After a restless night and an early flight out of Lexington, I found myself running through the Atlanta airport to the amusement of others who were fortunate enough to not have a flight leaving in 15 minutes.

When we finally reached the gate, our flight happened to have been delayed, so we ended up standing in the queue with small beads of sweat forming on our panting bodies. Luckily, the flight was short and painless and before long a landscape of tumbling jungle hills was getting closer below us. I felt that same familiar ping of excitement surge through my body when the landing gear hit with a jolt.

I was in a new country!

Albeit, this was only an 11 day holiday, an escape from Kentucky and a chance to free my mind as I roasted my skin under a tropical sun. I have been working day and night on startbackpacking.com, so sitting for long periods of time, doing nothing, and staring at the Carri bean rather than an LCD screen
had a great appeal. My laptop did sneak along for the trip, but this is the first time that I have taken it out of the bag and I have a strict no-HTML policy for this trip. 🙂

Customs went smoothly, other than my passport number not scanning as usual. Border officials hate my guts because my low-quality American passport has taken such a beating in the last 18 months that it no longer works and they have to key in the tiny 12 digit number by hand. There’s nothing like pissing off the very first person you encounter in every new country.

The airport was madness with locals already trying to get into my pocket.
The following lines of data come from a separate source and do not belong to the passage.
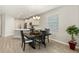 Dining room with an open layout to kitchen and an outside view through a large window at 5998 Amberly Dr, Bradenton, FL 34208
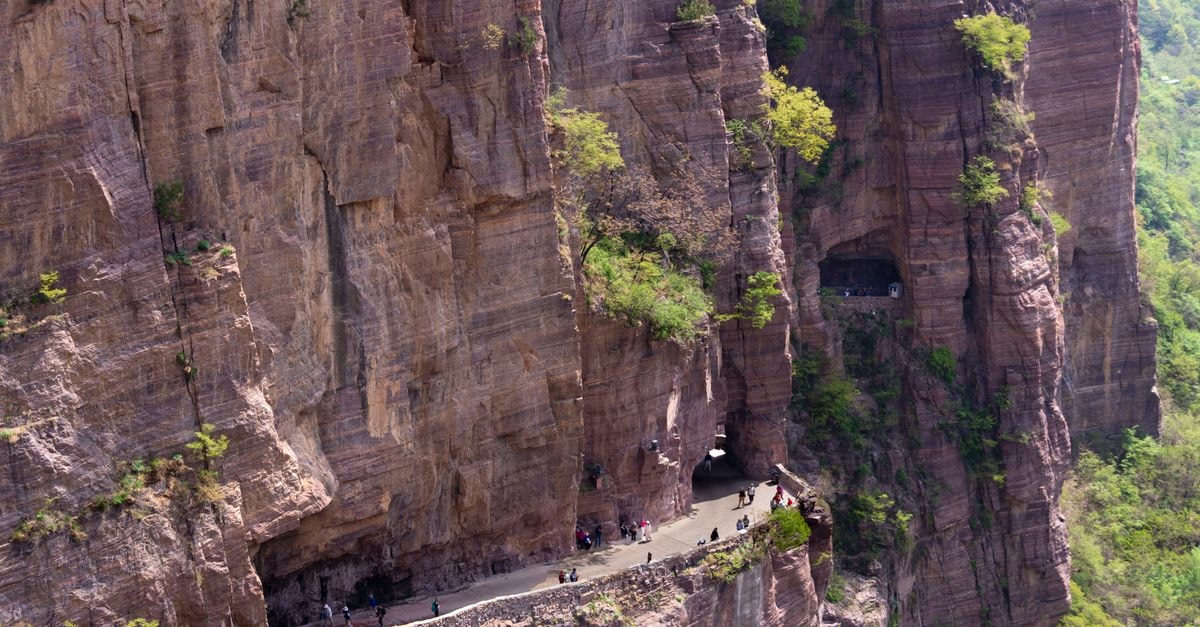 Explore the dramatic cliffs and winding Guoliang Tunnel Road in Xinxiang, China, carved into a mountain face.
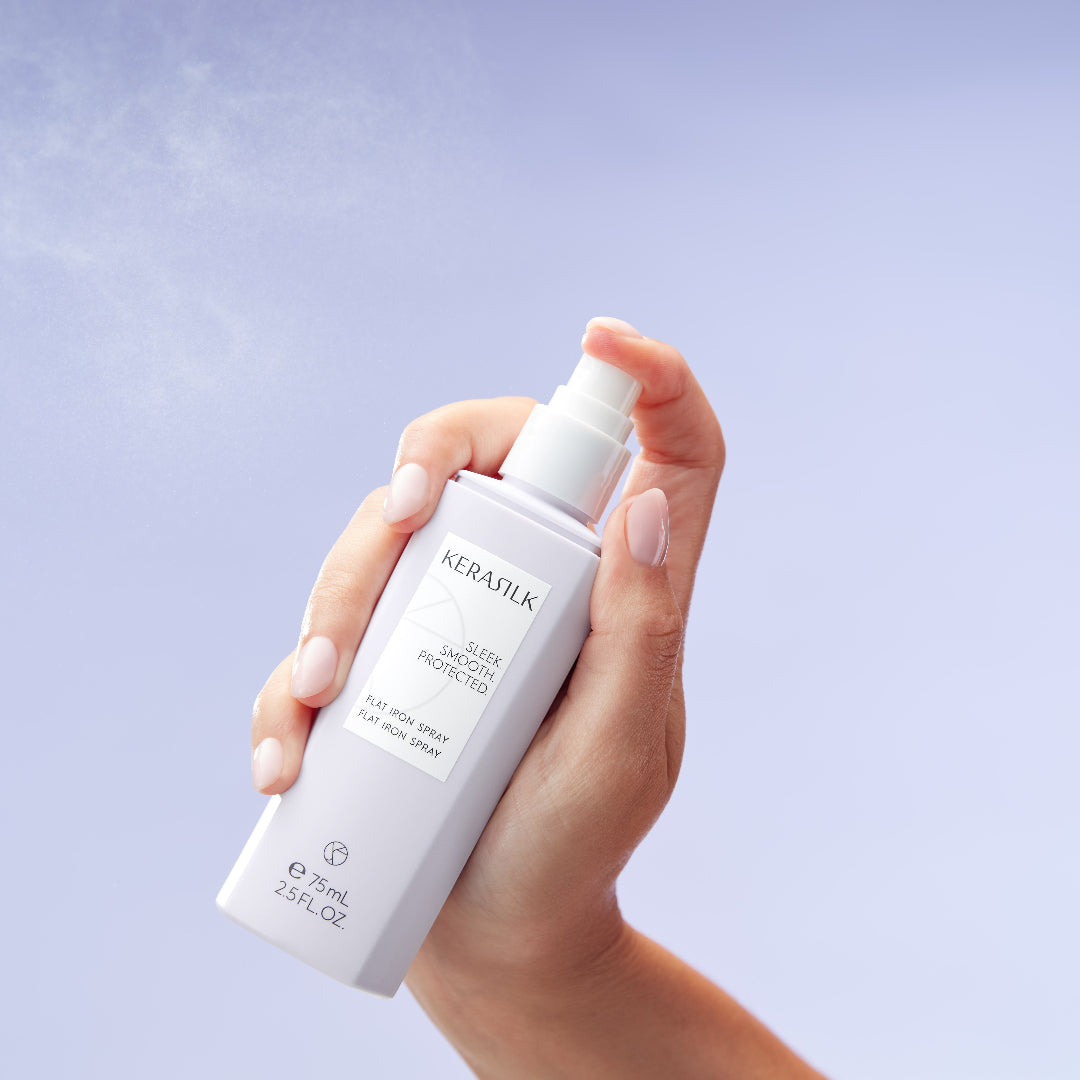 Hand holding a Kerastilk hair product against a light purple background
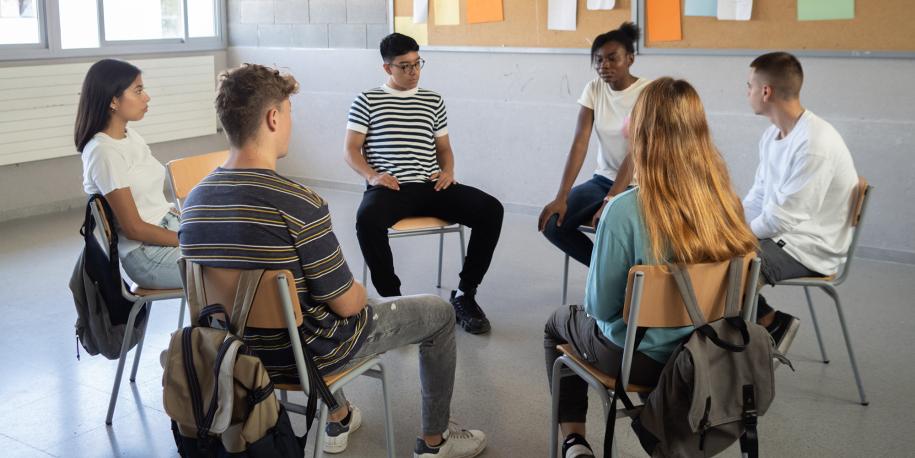 Photo: Six students sitting in a dialogue circle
Egypt hardened me back in December and I haven’t met a tout yet that could break me after 1 month in that scandalous country.

Lyndsey and I had booked a place in Negril, which was a good 2 hours away and I had heard nightmares of US$60 taxi rides (each). As we ignored the horde of taxi drivers, I started throwing my vagabonding breakers trying to get back into the mindset. We ended up running into another couple that was going to Negril and we split a minibus for $20 each – much better. That old familiar excitement was coursing through my bloodstream – when you put yourself into a position for good things to happen, they usually do! The best lesson that I have learned while vagabonding is to just let go and not to interfere – things almost always work out as they should!